The company, which is one of the country’s largest employers by headcount, will “do everything possible to safeguard employment for hundreds of thousands of staff, including blue-collar workers”, Liu said in an internal speech on Wednesday, according to a video circulating on social media.

“JD.com will not fire a single front-line worker replaced by machines,” he said. JD didn’t respond to an emailed request for comment.

Chinese companies are racing to implement AI systems as part of a state-directed push to dominate the new technology. But those orders present a challenge to Chinese Communist Party planners who want to maintain stability in the labour market as the country reckons with a slowing economy and elevated youth unemployment.

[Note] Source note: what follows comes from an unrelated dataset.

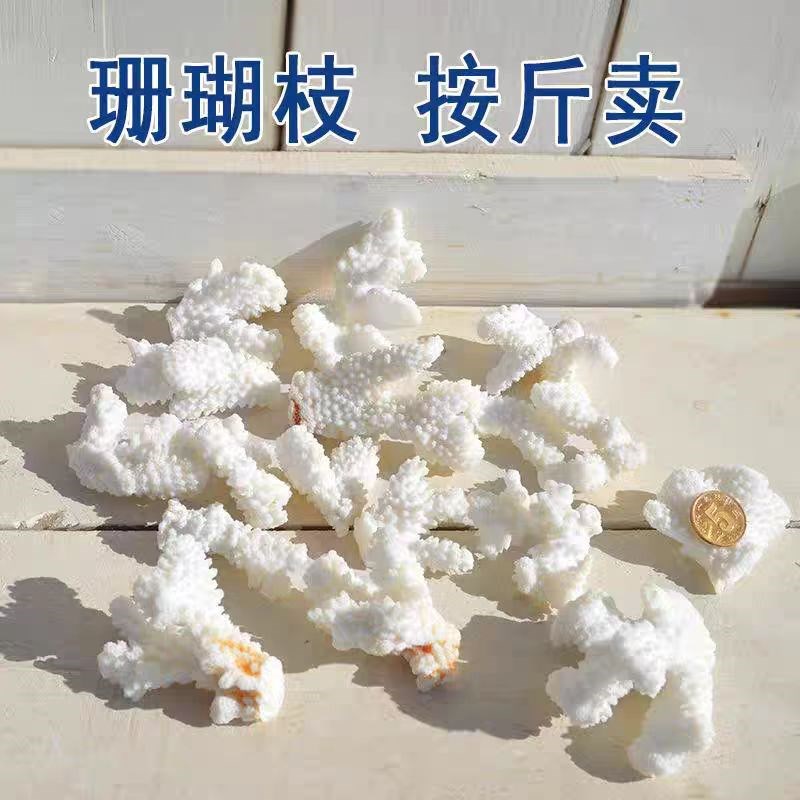 天然白珊瑚d骨滤材珊瑚石造景底砂鱼池过滤鱼缸摆件纯天然白色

JD, which employs staff from couriers and store clerks to AI trainers and robot maintenance engineers, is experimenting with a host of unmanned technologies. According to a recent filing, those include “unmanned warehouses, drone delivery, self-driving vehicles, unmanned delivery stations and convenience stores, among others”.

The online retailer has also set up more than 80 training bases around the country, saying they will serve to retrain workers with skills such as maintenance and servicing of automated systems, Liu said.

See also: China said to expand travel curbs to top AI talent at private firms

Liu’s comments come after a Chinese court ruled in late April that companies cannot terminate employees or cut their salaries just to replace them with artificial intelligence systems.

Chinese authorities also ruled last year that companies are legally required to retrain or reassign workers before they can be terminated — an early guardrail against AI job replacement few other countries have established.